L’archéologue parut lire dans ses pensées. « Je crois que nous pouvons lui faire confiance, Yoninne », lui dit-il dans leur langue natale. « S’il avait de mauvaises intentions, nous serions déjà morts ou tombés en son pouvoir. D’ailleurs, l’aide qu’il nous offre nous servira en fait à échapper à son influence.

— Vous croyez donc que votre cher Thengets agit par pure bonté d’âme ? Ou bien lui avez-vous promis les clés du royaume de la magie ? » Leg-Wot avait répliqué en employant la même langue et en nuançant sa voix d’une ironie mordante. « Si ce n’est pas lui qui a volé nos armes et le maser, nous ne pouvons faire ni dire quoi que ce soit qui possède la moindre valeur à ses yeux. »

Ajao répondit tranquillement : « Ce n’est pas exact. J’ai parlé à Prou de Novamérika. Il tient presque autant que nous à établir le contact ; on dirait qu’une curiosité maladive rivalise en lui avec le sens politique le plus réaliste. Savez-vous qu’en dépit de toute sa puissance il n’est pas autorisé à s’éloigner de plus de quelques sauts de Dhendgaru ? Si nous sommes secourus, il veut que nous l’emmenions à Novamérika. »

Leg-Wot fit la moue. Bjault avait l’air de considérer Prou comme un brillant étudiant « avide de connaissances ».

Mais le plan d’Ajao représentait leur unique espoir de survie, à présent que le maser avait disparu. Or la réalisation de ce plan dépendait du concours de la Guilde. Ils n’avaient donc pas d’autre solution que de faire confiance à Prou.

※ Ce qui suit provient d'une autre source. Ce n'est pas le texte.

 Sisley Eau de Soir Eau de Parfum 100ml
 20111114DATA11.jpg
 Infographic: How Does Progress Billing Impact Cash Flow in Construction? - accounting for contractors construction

Elle tapota nerveusement de ses doigts boudinés le bras de son fauteuil, avant de se tourner vers l’homme de la Guilde, auquel elle s’adressa en azhiri : « Comment comptez-vous vous y prendre pour obliger Pelio et le roi à accepter notre plan ? » Le mot « notre » lui était venu naturellement aux lèvres. Dès qu’Ajao leur eut exposé son projet, elle s’était sentie capable de lui donner corps.

Prou se pencha en avant, avec l’air d’écouter les bruits nocturnes du dehors. « C’est simple, quoique un peu risqué. Vous avouerez publiquement votre nature de Profanes et les liens étroits que vous entretenez avec Pelio. Shozheru sera forcé d’admettre votre plan, puisqu’il lui permettra d’écarter le prince de la succession. La seule autre solution consisterait à faire exécuter Pelio, mais le roi a trop bon cœur pour s’y résoudre. S’il accorde cette dernière chance à son fils, Shozheru devra vous fournir l’équipement nécessaire. »

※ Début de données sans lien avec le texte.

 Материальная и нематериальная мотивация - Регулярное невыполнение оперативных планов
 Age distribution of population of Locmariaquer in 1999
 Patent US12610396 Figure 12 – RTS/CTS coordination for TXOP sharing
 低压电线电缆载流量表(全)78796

Leg-Wot avait donc approuvé à contrecœur les suggestions de l’Azhiri. Le jour du festival, Prou s’était arrangé pour faire apparaître Yoninne et Ajao au beau milieu de la cour du roi (sans toutefois qu’on pût le soupçonner d’être responsable de leur présence). Les gardes en faction à côté du bassin de transit avaient immédiatement reconnu en eux des Profanes, et la confrontation projetée avait eu lieu — avec le résultat escompté…

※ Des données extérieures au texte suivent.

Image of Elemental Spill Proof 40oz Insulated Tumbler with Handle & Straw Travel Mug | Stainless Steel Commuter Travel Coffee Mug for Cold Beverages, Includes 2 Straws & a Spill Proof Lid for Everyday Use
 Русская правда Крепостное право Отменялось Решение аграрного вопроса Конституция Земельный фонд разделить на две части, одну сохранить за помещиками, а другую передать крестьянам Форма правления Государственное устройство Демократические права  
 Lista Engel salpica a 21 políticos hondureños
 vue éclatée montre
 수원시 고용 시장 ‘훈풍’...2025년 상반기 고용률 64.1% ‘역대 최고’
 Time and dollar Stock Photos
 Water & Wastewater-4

Cette idée ramena Yoninne au présent — à la nuit glaciale entrevue derrière les hublots couverts de gel et au visage juvénile de Pelio éclairé par la lueur rougeâtre des poêles. Ils avaient mal agi, car elle avait la conviction que le prince eût accepté leur plan, avec les risques qu’il comportait, s’ils le lui avaient honnêtement proposé. Or ils avaient préféré trahir Pelio et placer leur confiance dans un homme qui — en dépit de toute la logique d’Ajao — pouvait parfaitement se révéler un Judas.